Si Cuba fuera capitalista, o si volviera a serlo, no habría necesidad de bloquearla, porque no sería de los cubanos. Pero los nacidos en esta isla tampoco serían cabalmente «de Cuba» si no comprenden que la cuestión patriótica está soldada en los tuétanos a la cuestión social, económica y política. La nación nos la conquistó en los campos de Cuba el machete, la tea, el máuser arrebatado al enemigo. Famélicos y hambreados, los revolucionarios eran sostenidos por las ideas (sepan los tecnócratas de hoy que las ideas son los más poderosos sostenes). Entonces, si nadamos un poco más hacia lo hondo, y somos honestos, entenderemos que lo que Estados Unidos bloquea no es a Cuba, sino un ordenamiento específico de ella; y sobre todo: la posibilidad de que las ideas de sus hombres y mujeres sostengan y desarrollen ese ordenamiento.
Por lo tanto, el bloqueo es (contra lo que se presenta como evidente e inmediato) una cuestión, en primera instancia ideológica. Es la rabia del dominante que no tolera una práctica que lo niega. A la victoria hay que encontrarle también su sentido más profundo: el verdadero triunfo no será que se levante el bloqueo, sino que esto suceda sin que Cuba se tuerza un milímetro hacia el capitalismo. No será ni puede ser meramente la victoria de una nación (así, a secas) sobre otra. Será la victoria del socialismo cubano sobre el capitalismo mundial, pero también sobre el capitalismo cubano (que tiene en el bloqueo una manta protectora frente a la «libre» competencia oligopólica, y del cual obtiene formidables réditos).
No creo en el bienestar sin apellidos. Detrás de los conceptos van, innúmeras, las concepciones, que se disputan la posibilidad de enunciar aquellos en singular y sin cuestionamientos; de sembrarlos como “dados” y “naturales” en el sentido común… No me preocupan ni me quitan el sueño las divisiones, como detesto la unidad que quiere erigirse «más allá» de las diferencias, y no precisamente gracias a ellas.

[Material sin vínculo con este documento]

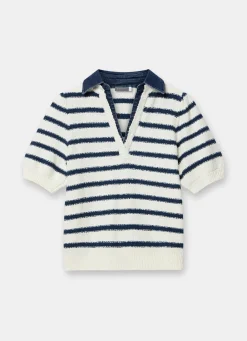 Sale Cream Striped Knit Denim Detail Tops Jumpers|Jumpers & Cardigans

Pero sucede que debemos emancipar también las diferencias, para que más nunca la hipocresía capitalista pueda atribuir a «diversidades culturales»: que el niño limpie los parabrisas, que la mujer venda el sexo y escoja a cuál de sus hijos salvar, que los negros deambulen sin casa o se hacinen en guetos, en favelas, en terminales, en cementerios; que los pobres sean frugales; que los jóvenes no hallen trabajo; que los abuelos sean desechados (porque ya se les extrajo todo el zumo que podían darle al capital); que los de distinta preferencia sexual sean tratados como maniquíes y se establezcan shoppings para ellos (para extraerles el zumo), etc.
El capitalismo vive de convertir las diversidades en desigualdades, aunque les siga llamando «diversidades». Por eso hay que acabar con él. El socialismo (el que tengo en mente y corazón, muchas de cuyas esencias aún encuentro en Cuba) es el único que puede garantizar que la diferencia acontezca como expresión arborescente de igualdad, como ramificación de la condición humana no sometida, no fragmentada, no minusválida.

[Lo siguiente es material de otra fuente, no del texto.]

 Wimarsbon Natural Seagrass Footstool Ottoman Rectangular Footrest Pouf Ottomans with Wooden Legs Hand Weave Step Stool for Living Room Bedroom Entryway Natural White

Existirán las divisiones, porque no pueden entenderse el explotador y el explotado, aunque ambos imaginen que se entienden. Las divisiones son el empleo que nos da el capitalismo. Solo aniquilando al empleador acabará con las divisiones fundamentales el socialismo. Estados Unidos quiere ahora emplearnos, integrarnos a su asqueroso sistema-mundo de un modo que parezca que no es ideológico, que pase por aséptico. Nos quiere pagar 8 dólares la hora. Se abstiene (…) de doblarnos el cuello de frente, incluso: de doblárnoslo él. En sus mercados, instituciones y cerebros hay suficientes herramientas para doblar cuellos. «¿Por qué no vendérselas a los cubanos y que se ocupen por sí mismos?».

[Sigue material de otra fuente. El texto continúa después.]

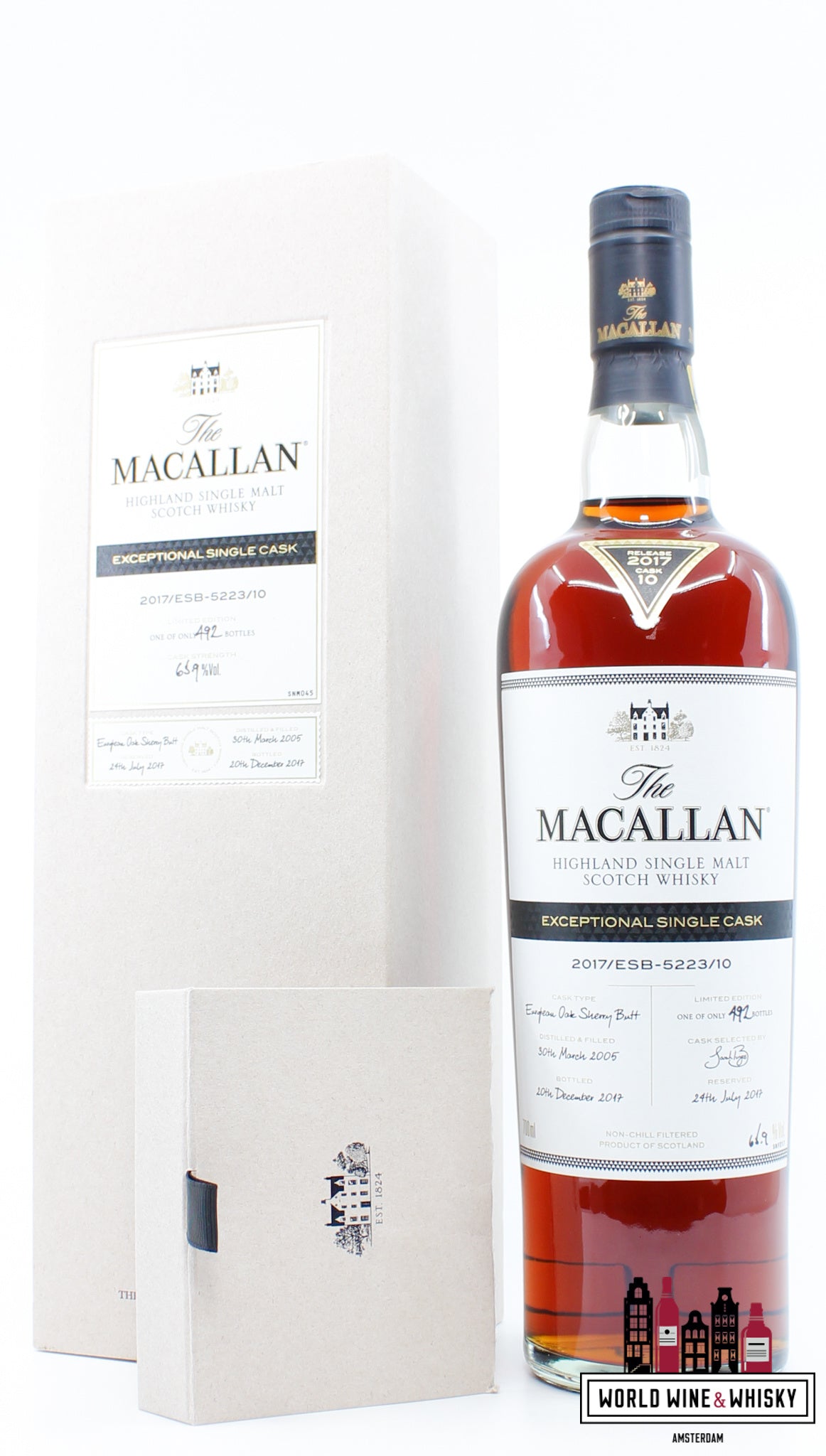 Macallan 12 Years Old 2005 2017 - Exceptional Single Cask 2017/ESB-5223/10 - Cask 5223 65.9% (1 of 492) - WORLD WINE WHISKY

Ese que no pocos entre el “establishment” anhelan quitarnos y llaman «obsoleto», «inútil», «improcedente» etc., es un bloqueo: el muro entre una superficie de 100 000 km2 y sus bolsillos. El que nosotros debemos derrotar es otro: la intención de cercar el ejemplo, la moral, la propuesta política de Cuba al mundo. Son dos bloqueos, dos definiciones; dos determinaciones contrapuestas. No habrá normalización entre ellas; seguirá habiendo división. Y mientras el ser humano respire sobre la Tierra, ideológico será hasta el aire.